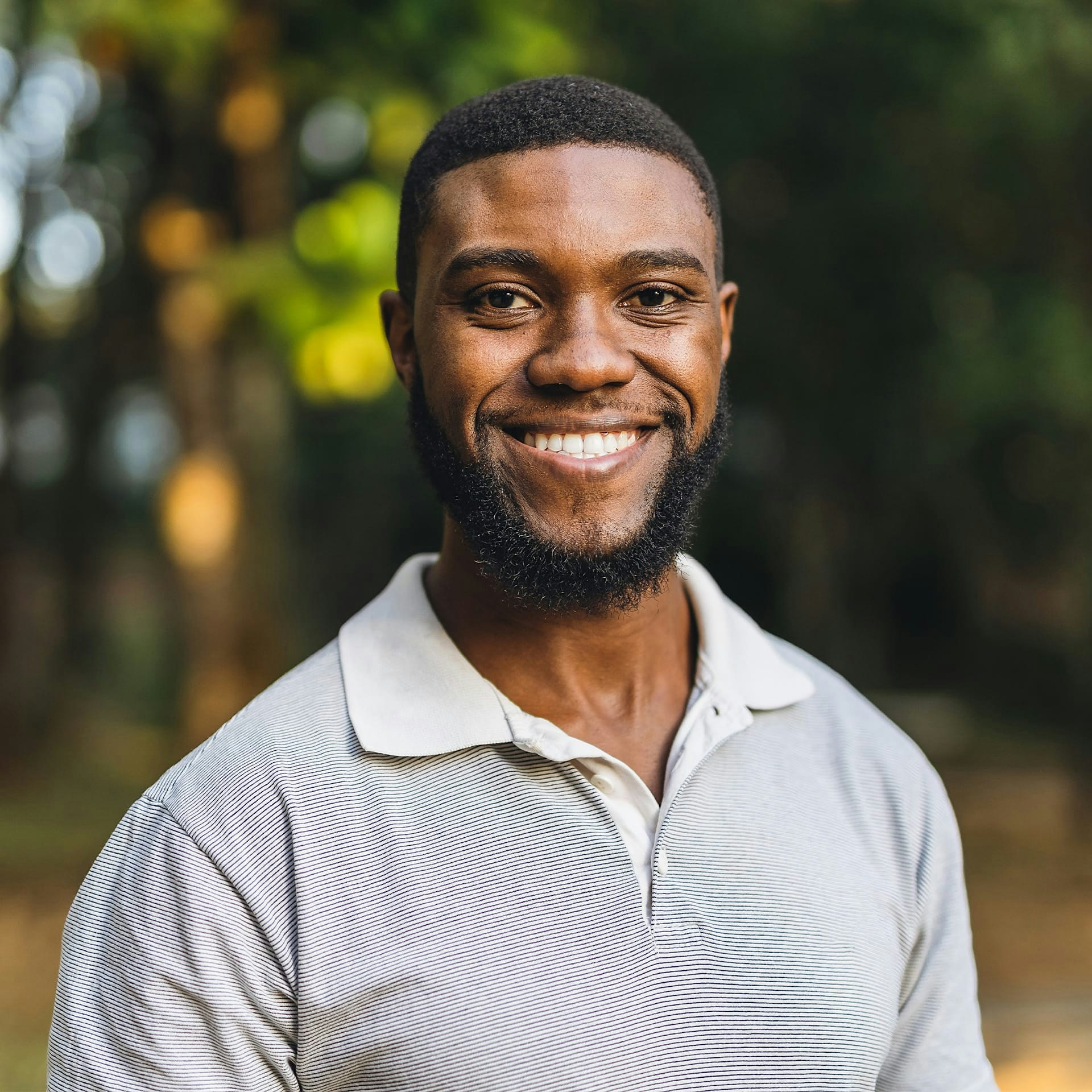 man wearing a striped polo shirt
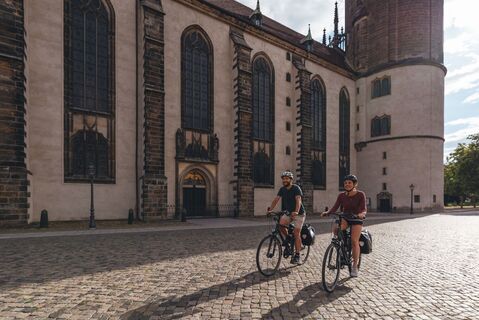 Radfahrer vor der Schlosskirche in Lutherstadt Wittenberg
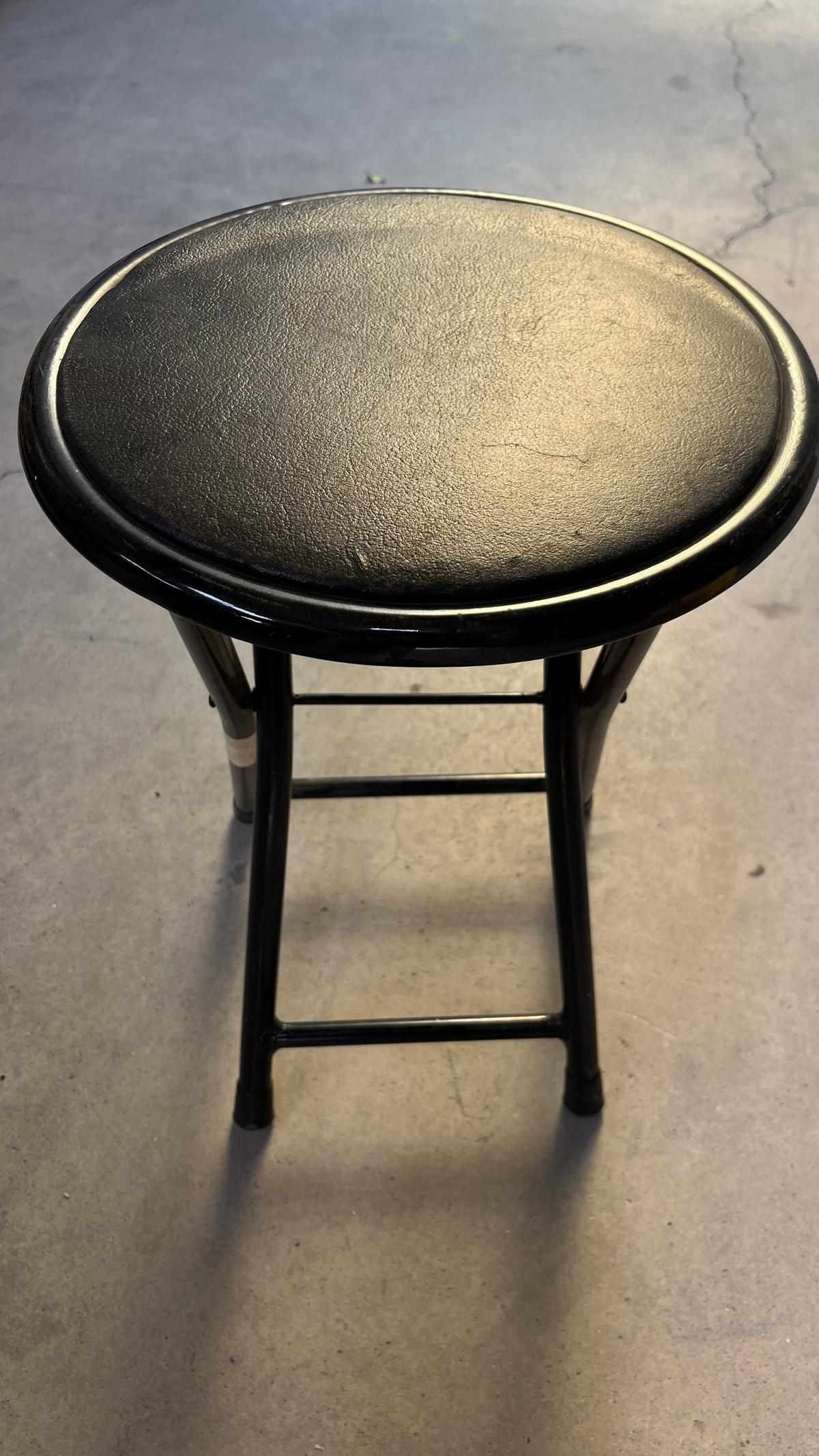 Tabouret à assise ronde noire sur pieds en métal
* * * *
Exercise brief: Pictures aside, give the data again exactly as it appears.

Solution:
 man wearing a striped polo shirt
 Radfahrer vor der Schlosskirche in Lutherstadt Wittenberg
 Tabouret à assise ronde noire sur pieds en métal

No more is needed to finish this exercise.